How can I expand the pocketsphinx demo

Hi there,

I just got my matrix creator board today and I got all the demo applications to work, including the pocketsphinx demo.

However, even after looking at some of the tutorials for pocketsphinx out there, I’m still having trouble understanding how it actually works. Specifically I’d like to understand how the matching between the keywords in the text file are matching to the actual commands that are run.

I want to be able to control my homeautomation system with the matrix creator, but I first need to understand how pocketsphinx actually works and how I get to match the spoken/recognized words to the actual commands that are executed.

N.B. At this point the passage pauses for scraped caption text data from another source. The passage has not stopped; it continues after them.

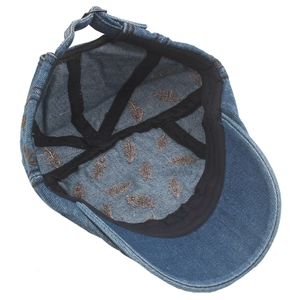 Detail of blue denim newsboy hat with brown fishbone print lining and metal strap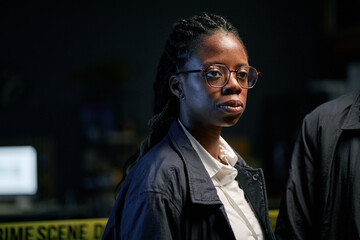 Crime scene investigator examining a scene under intense lighting, focused on gathering evidence. Investigator wearing glasses and a dark jacket, capturing the details of critical work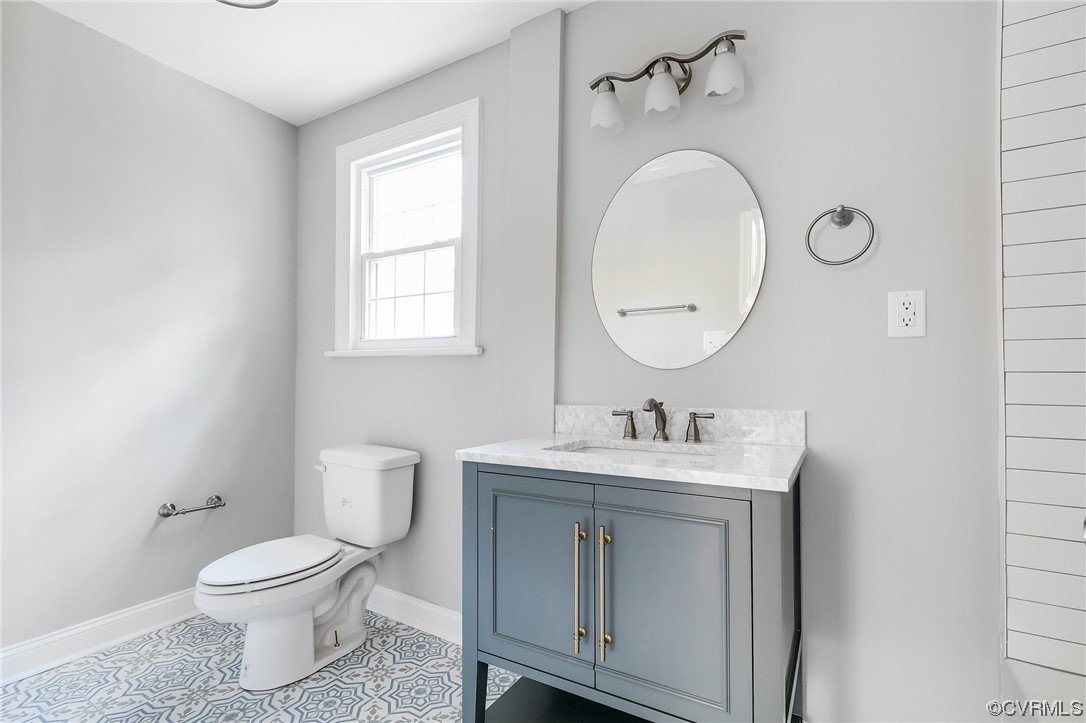2225 Brookwood Road Richmond, VA 23235 - Photo 26 of 34 a bathroom with a toilet sink and mirror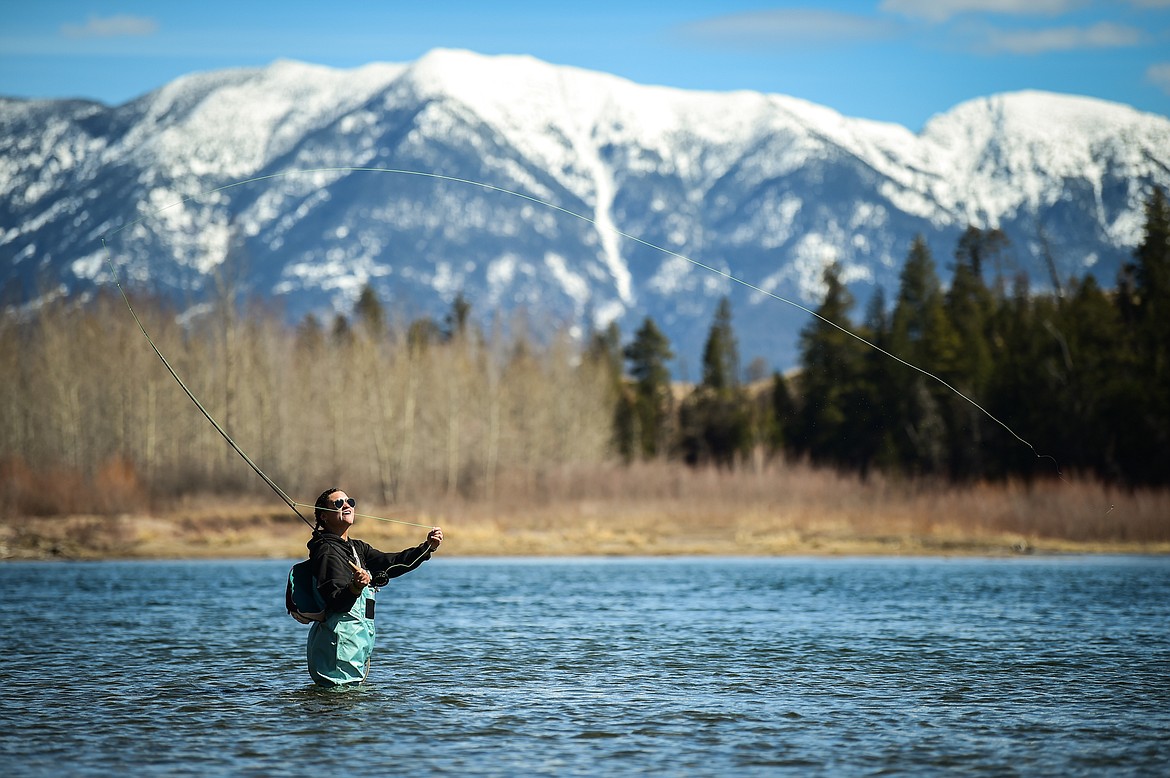 Bailey Roberts practices her casting technique in the Flathead River on Thursday, April 6. (Casey Kreider/Daily Inter Lake)
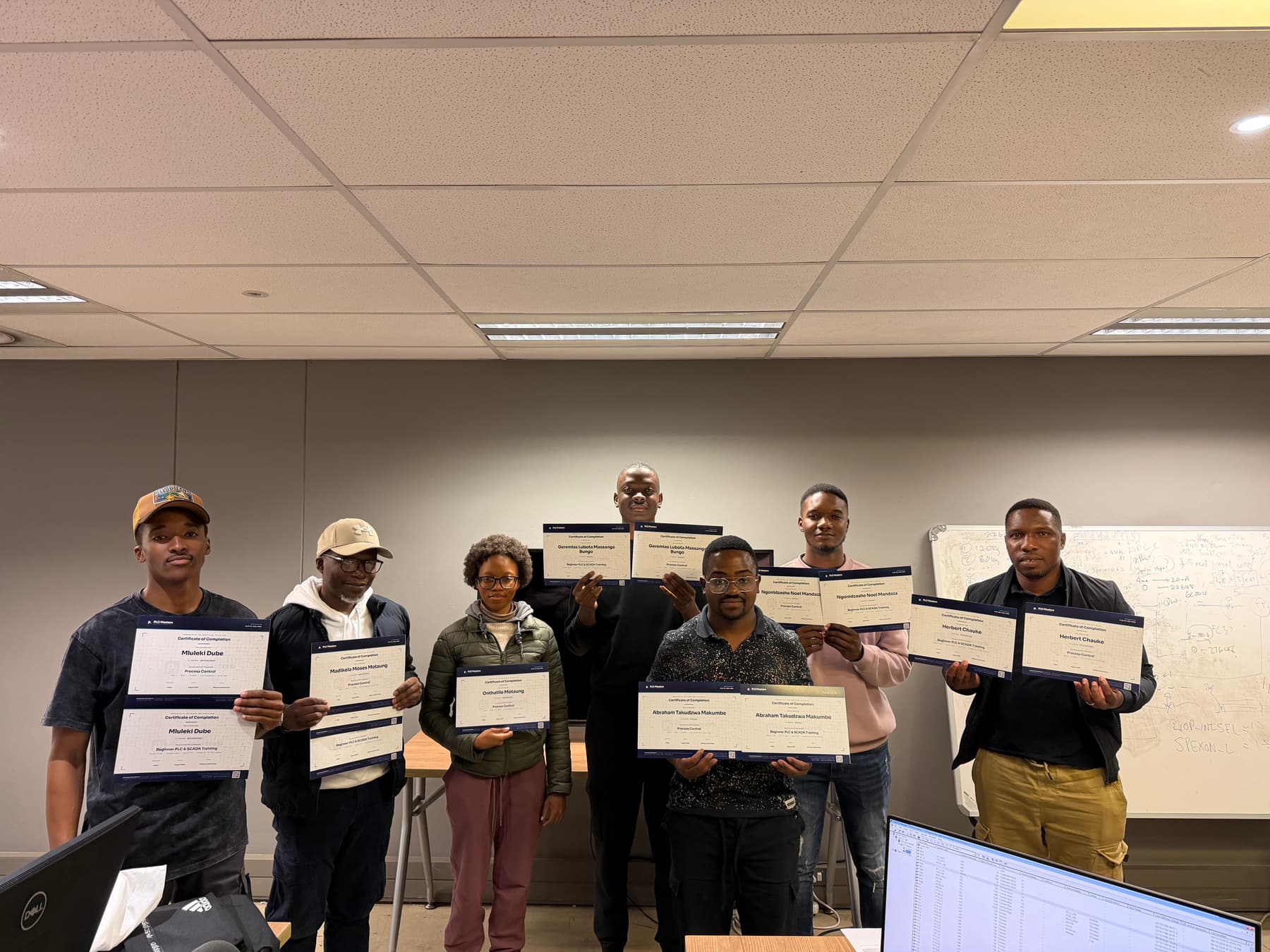 A Process Control class holding their certificates of completion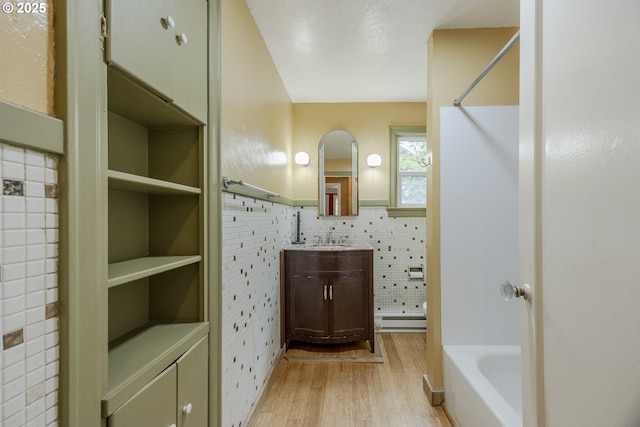 412 W 17th Ave, Eugene, OR 97401 - full bathroom featuring a baseboard radiator, a tub to relax in, vanity, a shower, and a wainscoted wall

If anyone can shed some light on that, I would appreciate it.

Thanks

Nobody that can help me out here?

Hi Takeshi,

You can check the source code of PocketSphinx demo to get an idea how it is actually working: https://github.com/matrix-io/matrix-creator-hal/blob/av/pocketsphinx_demo/demos/pocketsphinx_demo.cpp

Here are the key items you may want to check if you want to modify to make your own command and implementation:

1- Initialization of PocketSphinx with the proper dictionnary and keywords

  int main(int argc, char *argv[]) {
  char const *cfg;
  config = cmd_ln_parse_r(NULL, cont_args_def, argc, argv, TRUE);
  /* Handle argument file as -argfile. */
  if (config && (cfg = cmd_ln_str_r(config, "-argfile")) != NULL) {
    config = cmd_ln_parse_file_r(config, cont_args_def, cfg, FALSE);
  }
  if (config == NULL || (cmd_ln_str_r(config, "-infile") == NULL &&
                         cmd_ln_boolean_r(config, "-inmic") == FALSE)) {
    E_INFO("Specify '-infile <file.wav>' to recognize from file or '-inmic "
           "yes' to recognize from microphone.\n");
    cmd_ln_free_r(config);
    return 1;
  }
  ps_default_search_args(config);
  ps = ps_init(config);
  if (ps == NULL) {
    cmd_ln_free_r(config);
    return 1;
  }

2- Perform actual Voice Recognition

  • If you are doing recognition from microphone, you can find the dedicated code in the procedure recognize_from_microphone()
  • You are unlikely to need to change this part.
  • The detection of an utterance is done in the below code:
  hyp = ps_get_hyp(ps, NULL);
  if (hyp != NULL) {
    process_rules(hyp);
    fflush(stdout);

3- Utterance is matched to dictionary and a specific command is started

  • You can check the code in the procedure: process_rules(char const *hyp)
  • For instance to start everloop when you say “MATRIX EVERLOOP” you con find it in the long list of if:
cmd_ever = "./everloop_demo &";
...
if (std::strcmp(hyp, "MATRIX EVERLOOP") == 0)
system(cmd_ever.c_str());

You definitely want to change this procedure with your own commands after you change the dictionary in language model in Pocket Sphinx.

Good luck!